Despite the number of anti-instrumentation techniques (26 at the time of writing this article), a comprehensive review that compiled and classified all these techniques was lacking in the literature. In this article, we have attempted to close this gap by reviewing the literature to identify the existing set of DBI framework evasion techniques, as well as the existing set of countermeasures to avoid them. Furthermore, considering previous works in the literature, we have proposed a new taxonomy for anti-instrumentation techniques.

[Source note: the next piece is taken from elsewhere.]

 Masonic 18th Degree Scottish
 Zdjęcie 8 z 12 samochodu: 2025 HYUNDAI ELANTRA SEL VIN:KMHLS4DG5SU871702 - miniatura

Our findings show that despite the significant advances made to DBI framework protections to reduce their attack surfaces, more efforts are still needed. Although DBI frameworks are currently suitable for certain security analyzes (such as taint analysis, symbolic execution, or cryptoanalysis, to name a few), at the same time they are unsuitable for others (such as the analysis of sophisticated malware or advanced threats). These efforts should focus on improving the design of the DBI frameworks to achieve complete isolation and full transparency, which are requirements needed when analyzing an application from a security perspective.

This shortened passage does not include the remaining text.